↓

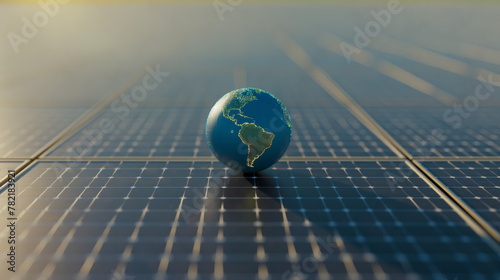 Backlit Miniature Earth on Solar Panels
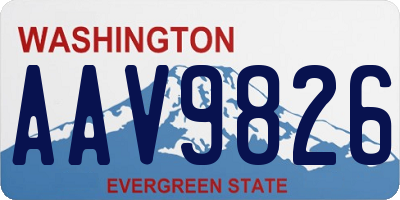 WA license plate AAV9826
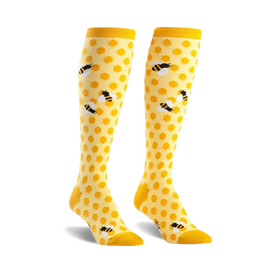bee's knees animal themed womens yellow novelty knee high socks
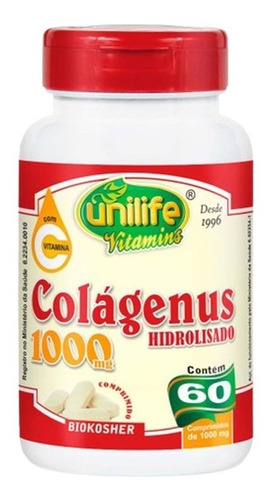 Colageno Hidrolisado + Vit C  1000mg 60 Comprimidos Unilife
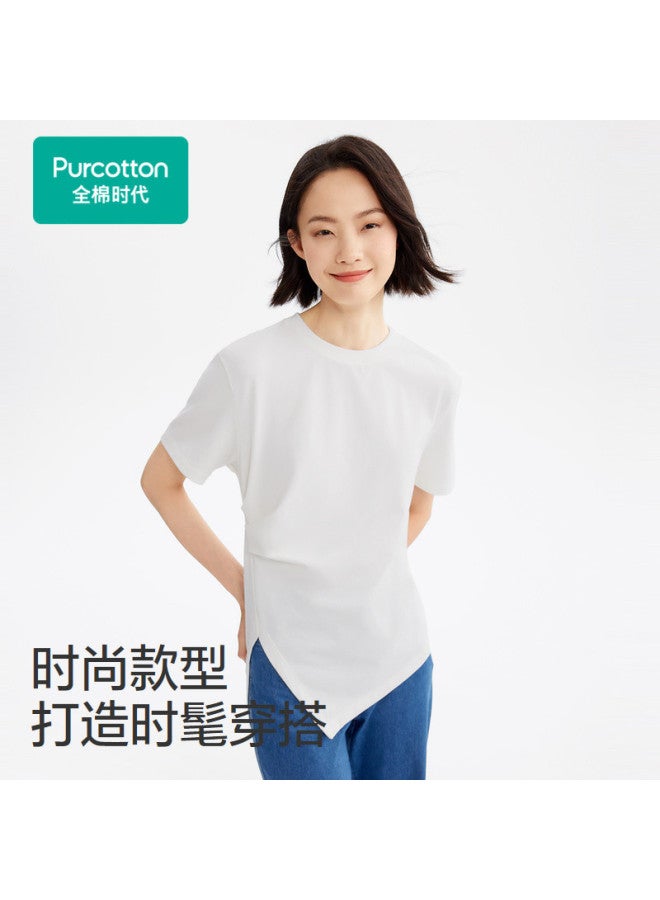 purcotton Women'S Comfortable T-Shirt Slim Stretch Top Summer Short Sleeve Versatile Casual Wear For Daily Commute And Everyday Use - Image 4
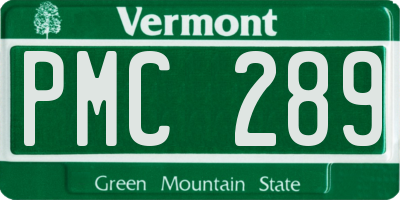VT license plate PMC289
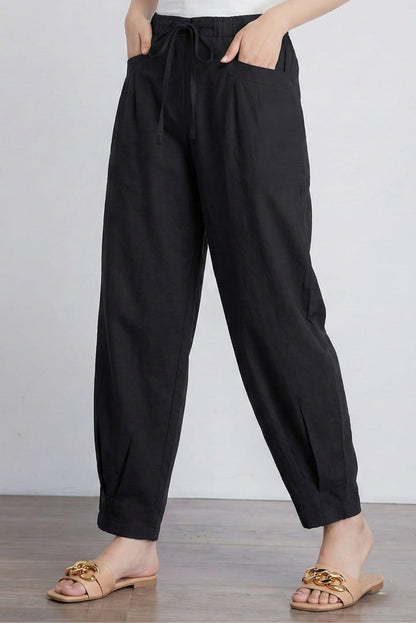 Coal LooseFit Pleat Cotton Pants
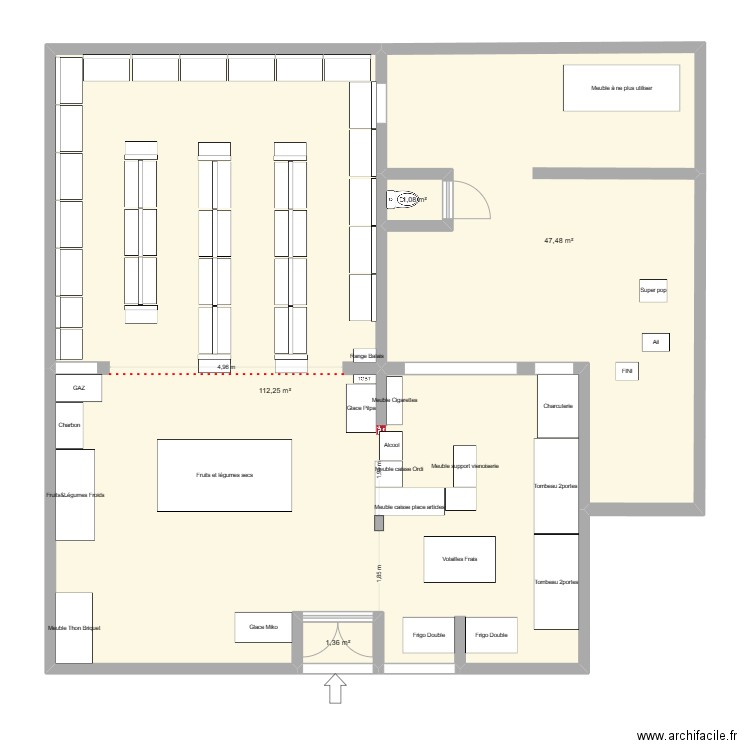 Véli Market Caisse a gauche Test Mail du 21.10. Plan de 4 pièces et 162 m2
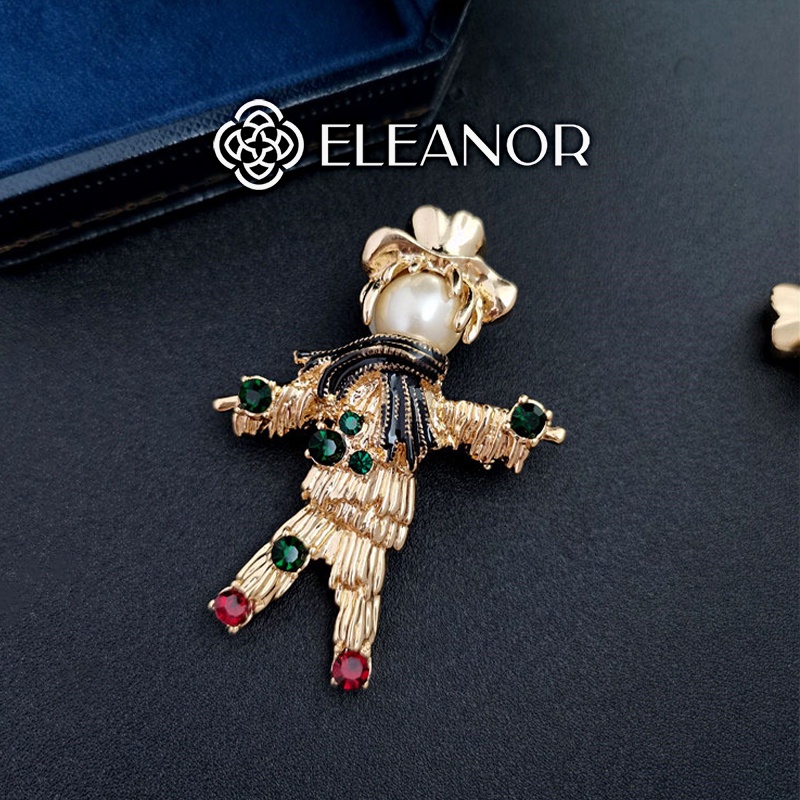 Ghim cài áo nam nữ Eleanor Accessories hình người rơm đính đá ngọc trai nhân tạo phụ kiện thời trang 5395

↑

## Work order:
Repeat the data above exactly; images are not part of the copy.

## Result below:
 Backlit Miniature Earth on Solar Panels
 WA license plate AAV9826
bee's knees animal themed womens yellow novelty knee high socks
 Colageno Hidrolisado + Vit C  1000mg 60 Comprimidos Unilife
 purcotton Women'S Comfortable T-Shirt Slim Stretch Top Summer Short Sleeve Versatile Casual Wear For Daily Commute And Everyday Use - Image 4
VT license plate PMC289
 Coal LooseFit Pleat Cotton Pants
 Véli Market Caisse a gauche Test Mail du 21.10. Plan de 4 pièces et 162 m2
 Ghim cài áo nam nữ Eleanor Accessories hình người rơm đính đá ngọc trai nhân tạo phụ kiện thời trang 5395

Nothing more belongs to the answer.